<i>Dendrobium macrophyllum</i>, detail, lithograph after painting by Sarah Anne Drake, from John Lindley, <i>Sertum Orchidaceum</i>, 1837-41 (botanicus.org)

Dendrobium macrophyllum, detail, lithograph after painting by Sarah Anne Drake, from John Lindley, Sertum Orchidaceum, 1837-41 (botanicus.org)

Sarah Anne Drake

JULY 24, 2020

Scientist of the Day - Sarah Anne Drake


Sarah Anne Drake, an English botanical illustrator, was born July 24, 1803. One of her childhood friends was the sister of John Lindley, a botanist and artist with a special interest in orchids. When he recognized Sarah's artistic talent, he invited her into his household, and gradually she took over the illustration of his books. His Sertum Orchidaceum: A Wreath of the Most Beautiful Orchidaceous Flowers, was published from 1837 to 1841, and many of the lithographs were based on drawings by Drake. Orchids are inherently beautiful no matter who draws them, but Drake's paintings have a special quality, partially due, in my opinion, to the graceful way she arranged her specimens. Here are several of her plates, from the copy of Sertum Orchidaceum in the Missouri Botanical Garden Library: Onicidium pectorale, and Denobrium macrophyllum. A detail of the latter is our first image.

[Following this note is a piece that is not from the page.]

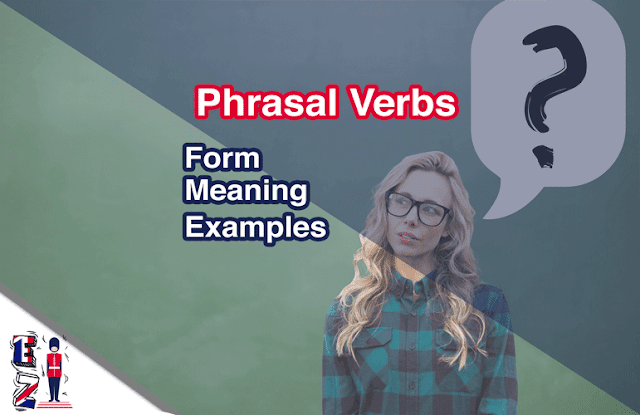 English-Phrasal-Verbs-form-meaning-and-examples In this lesson you will learn the form, meaning, and examples of a phrasal verb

Lindley also took over the editorship of the Botanical Register in 1829, a journal founded by Sydenham Edwards in 1815 to rival Curtis's Botanical Magazine, and Lindley invited Drake to contribute illustrations to Edwards’ Botanical Register, as it was now called, which she did with enthusiasm. By this time, Drake had acquired the affectionate name of “Ducky”. Ducky Drake supplied over one thousand paintings to the Register over the course of 15 years. Here is one, another orchid, Cattleya Perrinii, from 1838.

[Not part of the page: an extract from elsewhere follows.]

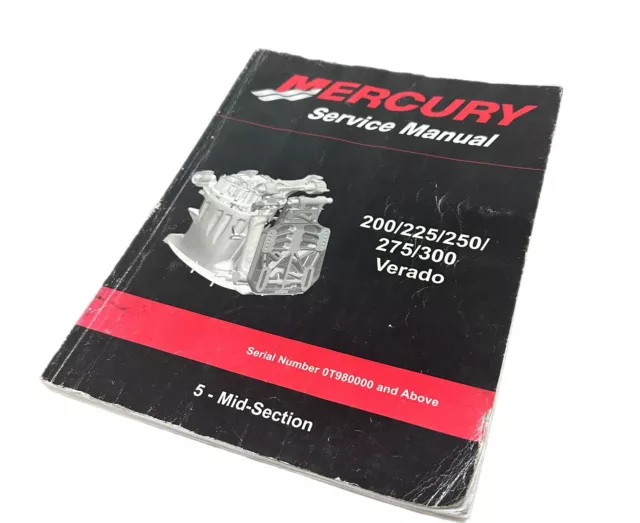 Mercury Service Manual #5 200/225/250/275/300 Verado 90-896579T01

Drake was further engaged to provide the illustrations for James Bateman's Orchidaceae of Mexico and Guatemala (1845), a work that is at once the largest and the scarcest collection of orchid lithographs ever published. There is a copy at the Missouri Botanical Garden, from which we took the illustration below, Cycnoches egertonianum. Here is a link to another, Stanhopea tigrina, if you find these as attractive as I do. We have a fine facsimile of Bateman’s book in our Library, and a facsimile of Lindley’s Sertum Orchidaceum as well, but not the original works.

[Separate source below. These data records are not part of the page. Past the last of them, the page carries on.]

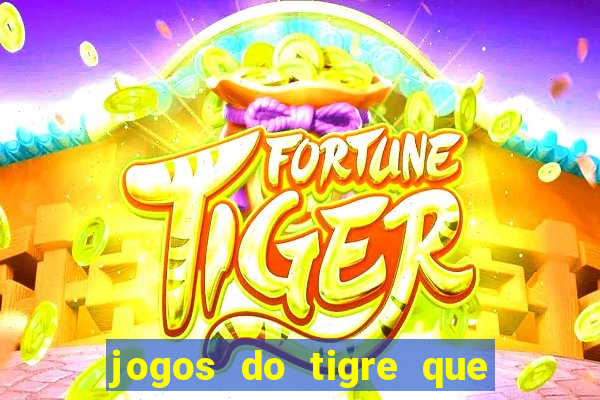 jogos do tigre que dao bonus no cadastro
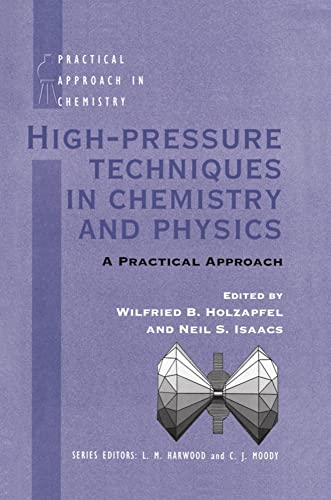 Beispielbild fr High-Pressure Techniques in Chemistry and Physics: A Practical Approach (Practical Approach in Chemistry Series) zum Verkauf von Buchpark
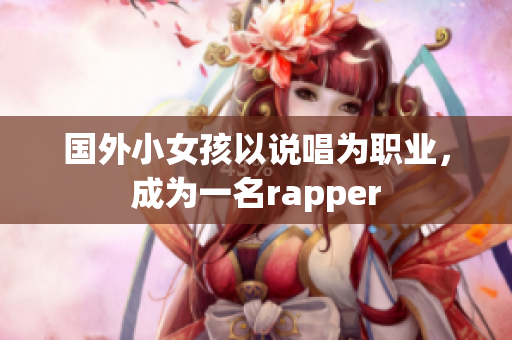 国外小女孩以说唱为职业，成为一名rapper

In 1847, Edwards’ Botanical Register folded its tent, and Drake was suddenly unemployed. So she folded her tent as well and went home to Norfolk, where she married a wealthy farmer and pretty much disappeared from history, as happened all too often in Victorian England to women botanists and illustrators. All we know is that she died in July of 1857, at the age of 53. Drake was one of the 12 scientific illustrators featured in our 2005 exhibition, Women’s Work, although the books displayed of hers were all provided by the Missouri Botanical Garden Library.

When Drake was working for Lindley, illustrating his Sertum Orchidaceum, Lindley honored his artist in 1840 by applying her name to a new genus of orchids just discovered in Australia; he called them Drakaea, and at the time, there were three species known, and no one knew much about them. Here is one of the original three, Drakaea glyptodont, in a modern photograph. They are now referred to as hammer orchids. Why no one calls them Drake orchids, I could not say.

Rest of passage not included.